## Problem
Look for the line containing "Step 3: Using" and the line containing "Switch to incognito" in the entries below. Copy those two and all lines between them exactly, leaving out pictures.

## Data extract

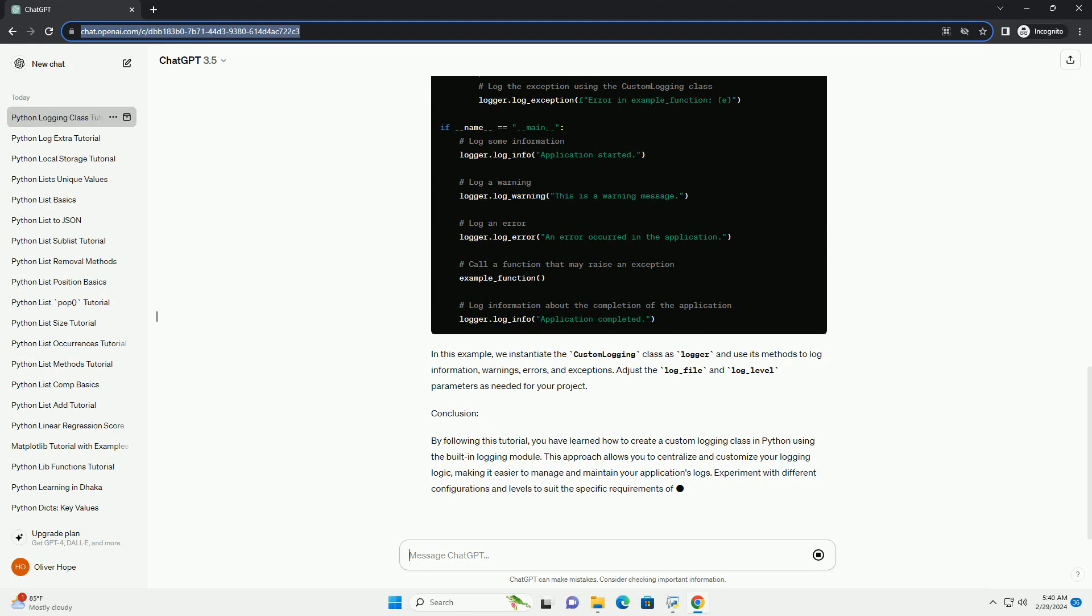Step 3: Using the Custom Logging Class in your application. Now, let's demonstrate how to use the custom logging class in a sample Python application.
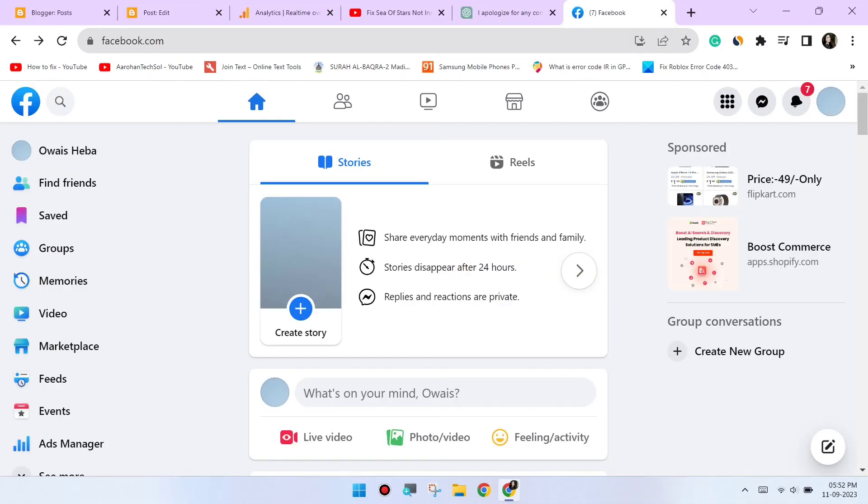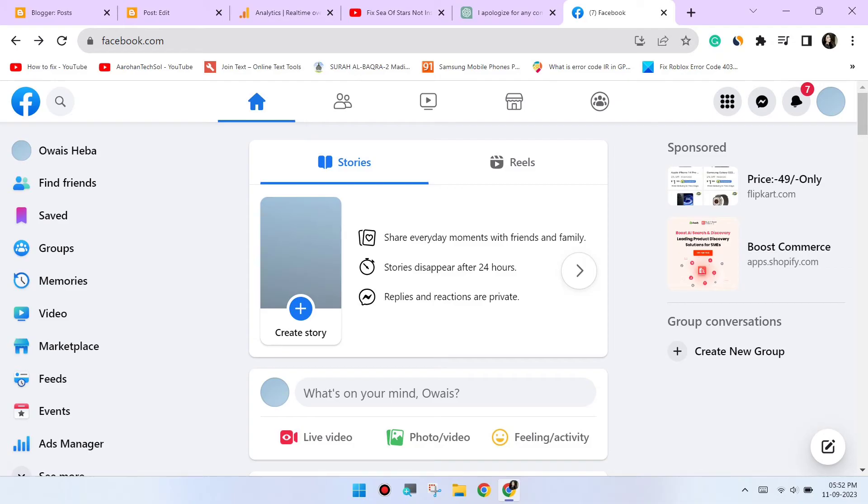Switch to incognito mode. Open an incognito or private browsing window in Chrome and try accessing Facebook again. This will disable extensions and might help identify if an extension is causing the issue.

==

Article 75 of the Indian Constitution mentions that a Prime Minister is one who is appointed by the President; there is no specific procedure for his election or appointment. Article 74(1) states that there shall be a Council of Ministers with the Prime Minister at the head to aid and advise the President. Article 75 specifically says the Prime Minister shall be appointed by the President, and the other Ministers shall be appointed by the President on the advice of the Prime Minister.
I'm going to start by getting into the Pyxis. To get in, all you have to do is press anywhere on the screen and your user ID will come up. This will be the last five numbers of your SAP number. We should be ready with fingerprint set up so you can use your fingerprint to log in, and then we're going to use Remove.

## Solution for this problem
Step 3: Using the Custom Logging Class in your application. Now, let's demonstrate how to use the custom logging class in a sample Python application.
Switch to incognito mode. Open an incognito or private browsing window in Chrome and try accessing Facebook again. This will disable extensions and might help identify if an extension is causing the issue.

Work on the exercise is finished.